Le grand enjeu des pipelines

Le talon d’Achille de ce système est l’impossibilité de hausser de façon significative la production de pétrole sans avoir de nouveaux oléoducs menant la ressource vers un port avec un accès sur l’océan, de manière à pouvoir l’exporter partout dans le monde. Deux projets ont été déboutés, même si la menace d’une relance est toujours plane : le projet Keystone XL, qui visait l’exportation du pétrole vers le golfe du Mexique, le projet Énergie Est, vers l’océan Atlantique. Il ne reste plus que Trans Mountain, qui transporterait le pétrole vers l’océan Pacifique. Mais l’opposition demeure forte en Colombie-Britannique, alors que le gouvernement provincial désapprouve le projet.

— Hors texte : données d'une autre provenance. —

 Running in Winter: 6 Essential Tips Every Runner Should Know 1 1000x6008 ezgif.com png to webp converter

Aux élections fédérales, les circonscriptions qui donnent sur le Pacifique ont voté majoritairement pour le NPD et les Verts, deux partis opposés à l’oléoduc. Le mouvement militant environnementaliste et autochtone reste très actif sur la question et conserve toujours l’espoir de bloquer le projet.

La question des changements climatiques devrait permettre de trancher entre les intérêts discordants des provinces à vouloir se développer le mieux possible et offrir de bons emplois à leur population. D’autant plus que les provinces du centre du Canada ne seraient pas nécessairement perdantes à abandonner le pétrole. Elles auraient une bonne occasion de diversifier leur économie et d’être moins sensibles à la variabilité du prix des ressources naturelles. Bénéficiant de grands espaces, elles ont un excellent potentiel de développement d’énergies renouvelables (hydro-électrique, éolienne, solaire).

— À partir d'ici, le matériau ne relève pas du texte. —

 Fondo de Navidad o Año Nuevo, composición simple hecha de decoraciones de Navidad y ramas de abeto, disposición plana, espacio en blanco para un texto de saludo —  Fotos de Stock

La guerre contre les oléoducs, si elle est gagnée, permettrait de toucher droit au cœur un système basé sur la puissance des multinationales, sur une propagande richement financée et sur un conservatisme politique aux multiples ramifications. Inutile d’ajouter que cette victoire est aussi indispensable pour diminuer l’impact des changements climatiques.


[1Shane Gunster, « Extractive Populism and the Future of Canada », Monitor, Centre canadien des politiques alternatives, vol. 26, no 2, juillet-août 2019.

[2Nicolas Graham, William K. Carroll, David Chen, « Big Oil’s Political Reach – Mapping Fossil Fuel Lobbying from Harper to Trudeau », Centre canadien des politiques alternatives, novembre 2019.